Déjà l'heure de repartir pour mettre à profit le vent de dos. Je croise toujours des cyclistes en sens inverse, des retardataires qui seront hors délais. Je croise un asiatique en fatbike, je le reverrai plus tard dans un reportage de TF1...
Je partage un bout de route avec un français vendéen, 2 jeunes filles cyclistes nous accompagnent sur quelques kms, nous leur expliquons ce que nous faisons où nous allons, je leur explique les modalités pour participer et les invite pour dans quelques années.
Kms 870, 16h20 heure du goûter, Tinténiac et son check point, je prends un coca, me pose dans l'herbe avec mon pain au chocolat. Il faut dire que depuis le début, public et bénévoles sont au petit soin pour nous, et c'est sûrement encore plus vrai pour moi, une nana qui roule seule. Un des bénévoles me parle, me demande si tout va bien et quand je pense finir ? Pour moi ça va pas trop mal, de la fatigue musculaire, des douleurs aux appuis mais rien d'ingérable. Quant à savoir à quelle heure je serai à Rambouillet, je n'ai pas trop d'idée, cela dépend de la nuit avec mes 2 petites heures de sommeil c'est l'inconnue.
Alors lui va me tenir une causerie digne d'un coach, il m'explique que sur son dernier PBP, il a pu tenir la dernière nuit avec 2 micros siestes de 5mn....Ça me touche beaucoup qu'il prenne 5mn pour me parler. Je vais prendre 5mn allongée dans l'herbe, profiter de cette belle fin de journée. Puis je repars galvanisée.
55kms pour rejoindre Fougères et toujours des encouragements de toute part, des nanas en voitures qui s'agitent et klaxonnent quand elle m' aperçoivent .
Je débarque à Fougères kms 924 vers 19h31, je ne veux pas rester au CP trop longtemps mais prends tout de même 10mn pour changer de cuissard, faire un coup de toilette, de la vaseline sur la peau, de quoi passer les 300 derniers kms sans encombres(3ème pause fraîcheur ). J'ai repéré une pizzeria Dominos sur la route, passe commande, j'en profite pour faire un point, envoyé des messages, je mange la moitié de la pizz, garde le reste dans un doggy bag, ravito parfait pour la nuit.

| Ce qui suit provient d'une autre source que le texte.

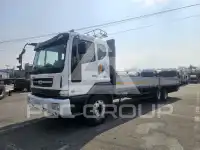 2014 GM Daewoo Novus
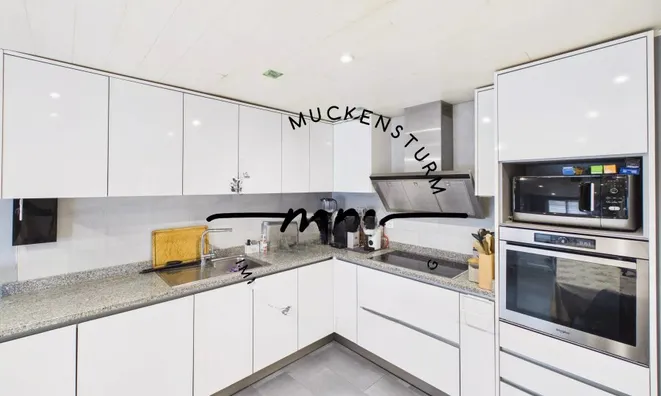 Недвижимость Apartment 2 bedrooms for sale in Esch-sur-Alzette: 2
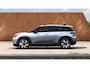 Volkswagen ID.Cross Life | Airconditioning automatisch, 2-zone (Climatronic) | Automatische afstandsregeling (Adaptive Cruise Control) | Koplampverlichting LED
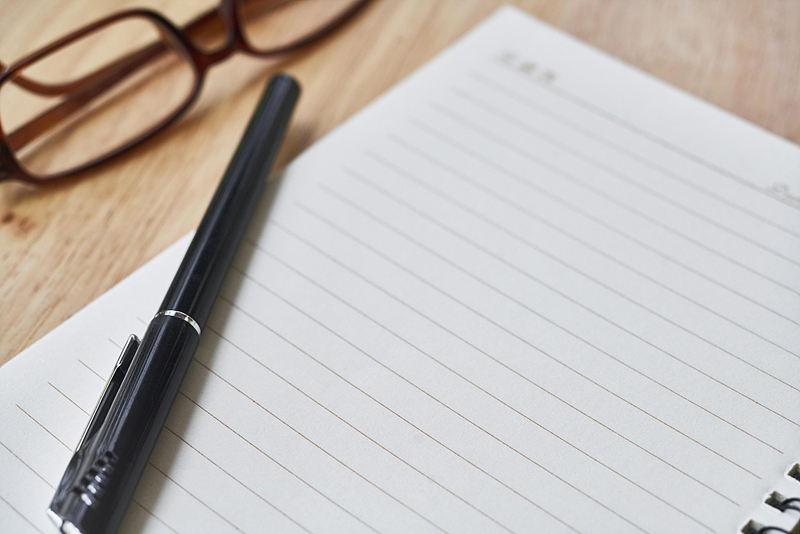 치매 안심센터, 서비스, 혜택, 이용 방법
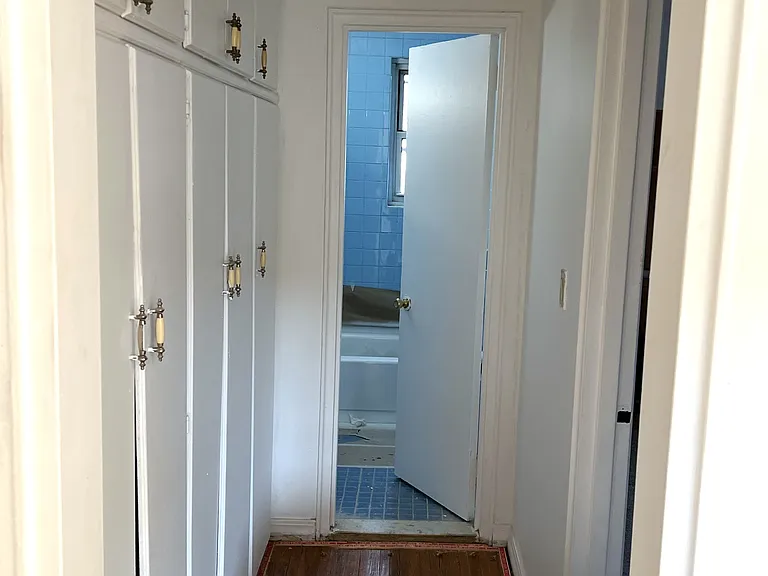 25-21 87th St #1F — Photo 9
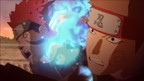 Naruto Storm 3 vignette 13012013
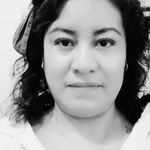 Lidia Osorio - @lidia.osorio.395 - Instagram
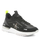 Atlete Calvin Klein YM0YM0058500X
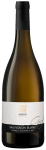 Kellerei Meran - Sauvignon DOC Graf von Meran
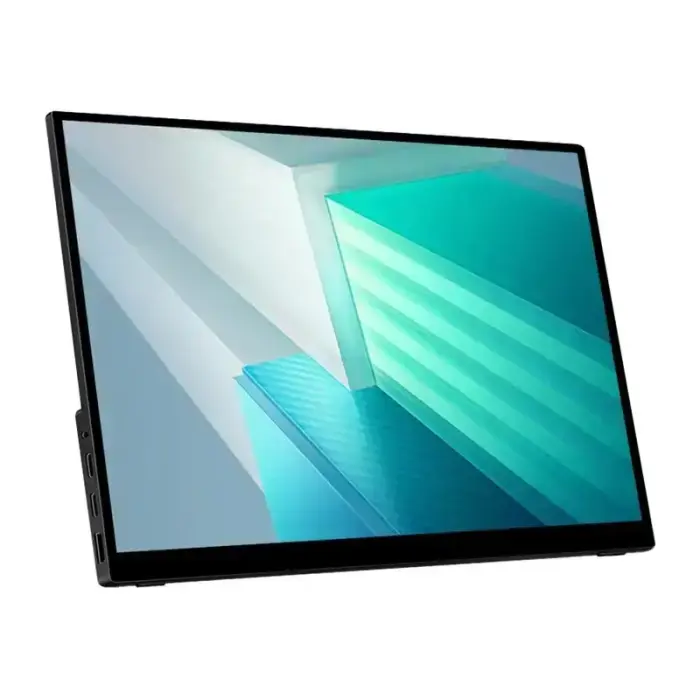 Minix SF16T 16" Portable Monitor Photo 2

Mardi 20, 20h40.....chéri j'ai roulé sur la lune

En quittant Fougères, j'ai Al au téléphone, l'impression que l'on ne s'est pas parlé depuis des jours....
Il a eu des soucis mais gère ça au mieux, il est content de me voir progresser.
Je continue à avancer... l'ambiance se rafraîchissant je me gare pour enfiler jambières, coupe vent, gants longs, en 30 secondes j'ai déjà un motard bénévole qui stoppe à ma hauteur pour me demander si j'ai un souci.
Rouler jusqu'à Villaines la Juhel d'une traite est trop long et trop frais, je fais un arrêt à Le Ribay, pour prendre un thé, galette/saucisse. Et encore du dénivelé, dans le noir cela semble encore plus long.
Check point de Villaines, il est 2h10, soit 48 heures après être passer dans l'autre sens ! En gros j'ai l'impression de remonter le temps. Je reconnais les routes mais pas tout à fait. La nuit et la fatigue me donne des notions complètement psychédéliques de ce décor, je n'ai jamais vu les paysages je les devine. Le parking vélo est tout en longueur, j'ai du mal à retrouver mon vélo. Serait ce un premier signe ?
Je roule jusqu'à 5h, ce sont de petites routes au sud d' Alençon, et sans que je m'en aperçoive les routes ont changé. Sous la lumière de mon phare le revêtement est devenu blanc jaunâtre, il crisse comme de la paraffine, ça ressemble à du saindoux mais en plus chimique. L'herbe des bas côté en est recouverte, la nature est étouffée par cette masse qui dégouline des arbres, à chaque fois que je pense que c'est finit une autre route se présente encore plus recouverte, il fait froid tout se ressemble, l'aspect chimique de la route ne me revient pas, c'est l'heure qui précède le lever du jour, entre paranoïa et hallucinations j'atteins Mamers, un ravito en centre ville me sauve la mise. Je prends un café, un cake, les bénévoles me disent qu'il y a un dortoir en face dans la vieille Poste. Je n'hésite pas et commande 45mn de sommeil à mes bienfaiteurs qui viendront me réveiller. Je me glisse dans un lit de camp à 6h05, à 6h44 je suis réveillée comme si j'avais fait une nuit.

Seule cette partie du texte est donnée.